TASK DATA:
◆ ◆ ◆ ◆ ◆

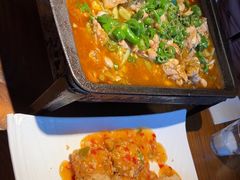 -永安水煮活鱼·仪征菜(仪征奥林匹克店)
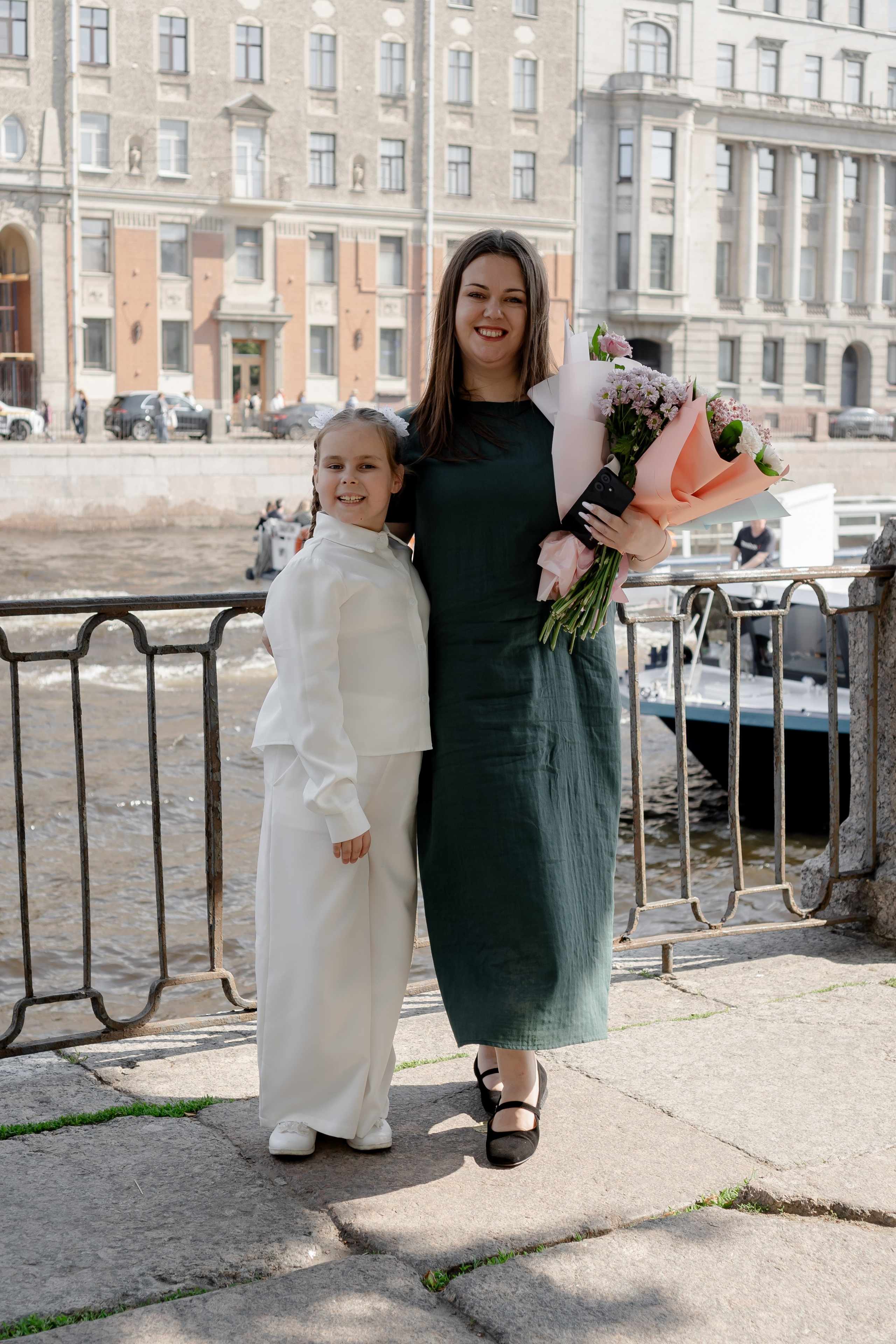 СВАДЕБНЫЙ РЕПОРТАЖ. Профессиональный фотограф, Санкт-Петербург — Виктория Богомолова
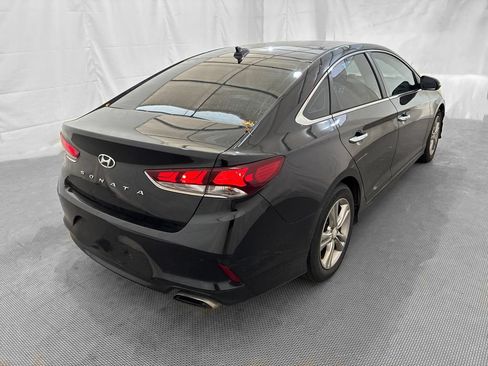 Used 2019 Hyundai Sonata SEL FWD image 6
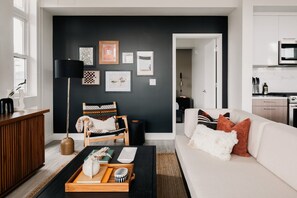 Interior - 2880: Rhythm of the Night Loft at Espadin (Denver)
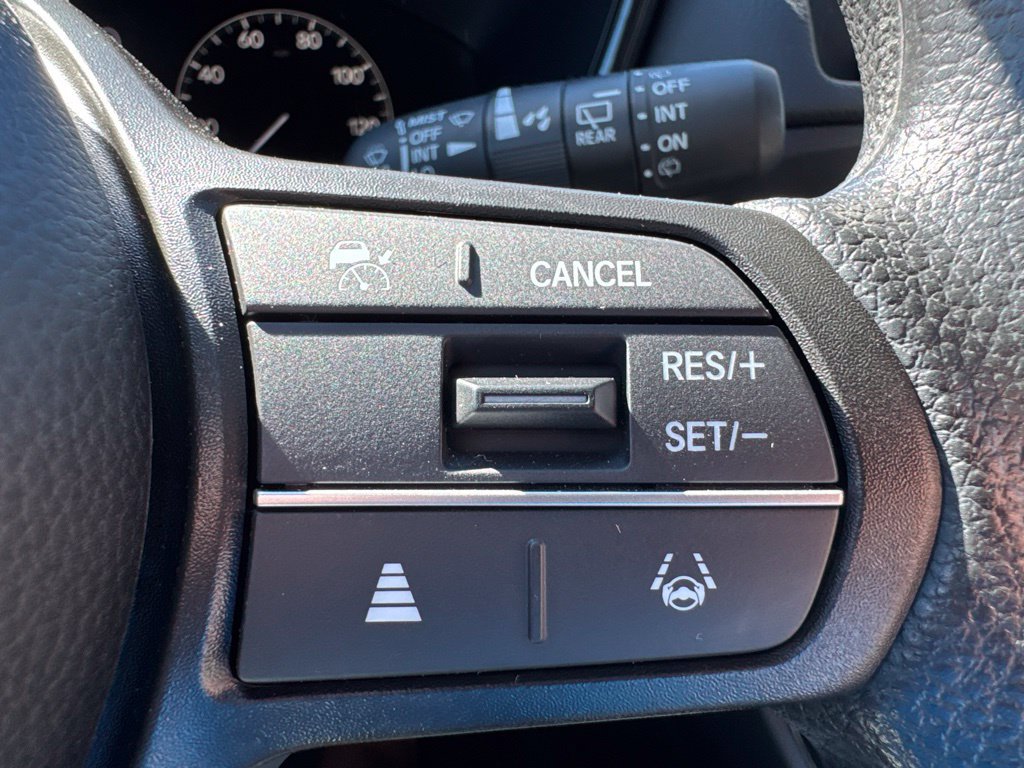 Used 2026 Honda CR-V EX image 27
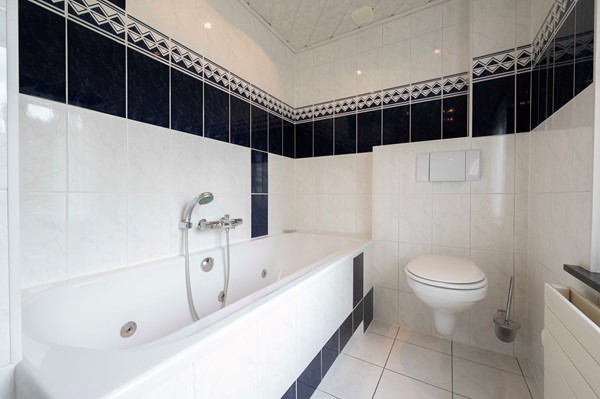 Medium property photo - Haspelstraat 2, 4741 SH Hoeven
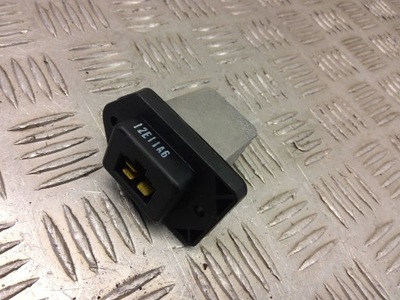 Chevrolet captiva 2013 реле вентилятор фото №1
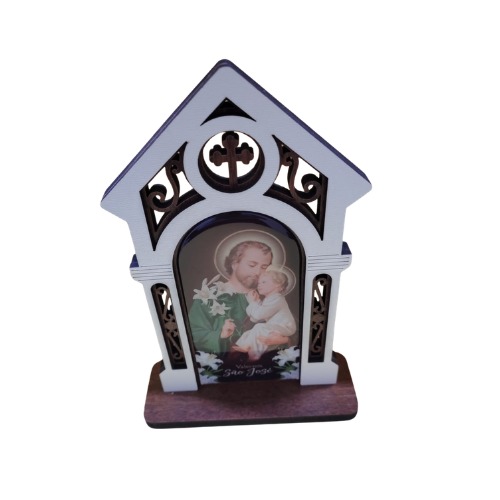 Adorno de parede São José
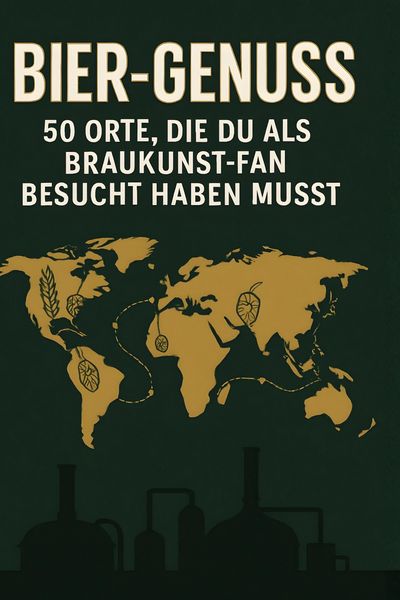 Produktbild: Bier-Genuss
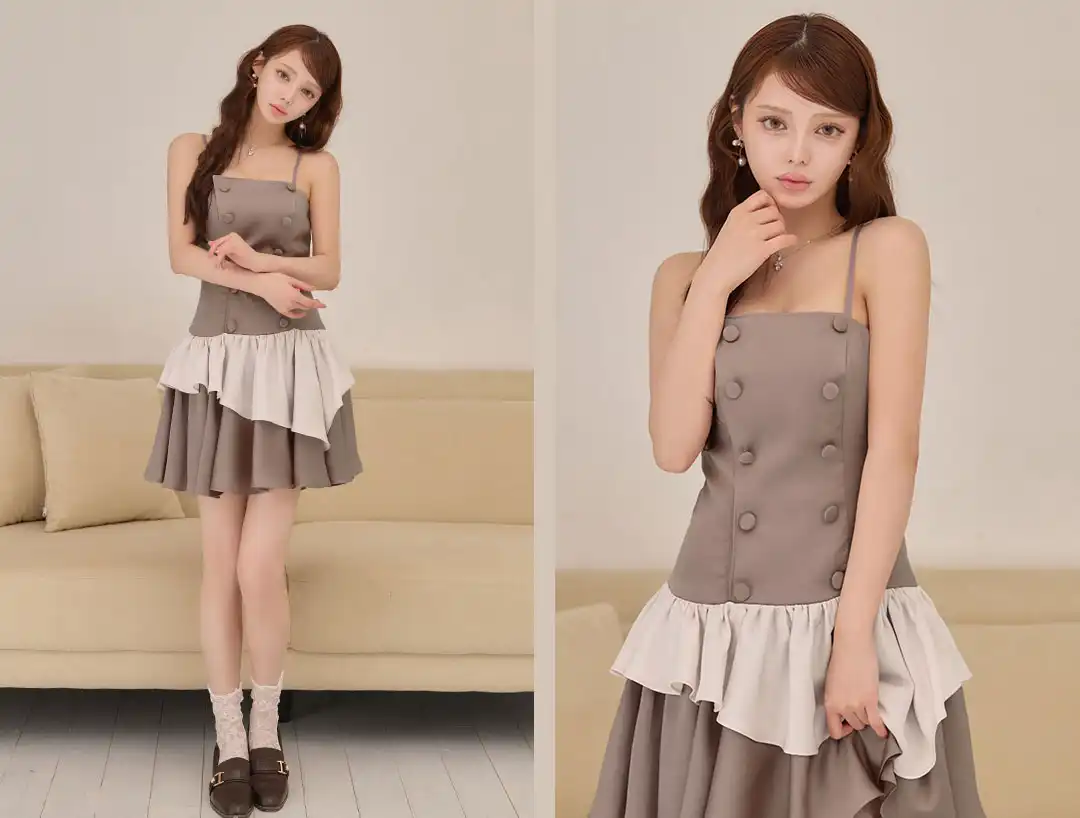 White Day Collection おねだりしちゃおう♡ホワイトデー大作戦-8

◆ ◆ ◆ ◆ ◆

WHAT TO WORK ON: Your answer must be the lines from the one containing "СВАДЕБНЫЙ РЕПОРТАЖ. Профессиональный" through the last line of the records, both included, written out exactly and without pictures.

RESPONSE AREA:
 СВАДЕБНЫЙ РЕПОРТАЖ. Профессиональный фотограф, Санкт-Петербург — Виктория Богомолова
 Used 2019 Hyundai Sonata SEL FWD image 6
 Interior - 2880: Rhythm of the Night Loft at Espadin (Denver)
 Used 2026 Honda CR-V EX image 27
 Medium property photo - Haspelstraat 2, 4741 SH Hoeven
 Chevrolet captiva 2013 реле вентилятор фото №1
 Adorno de parede São José
 Produktbild: Bier-Genuss
 White Day Collection おねだりしちゃおう♡ホワイトデー大作戦-8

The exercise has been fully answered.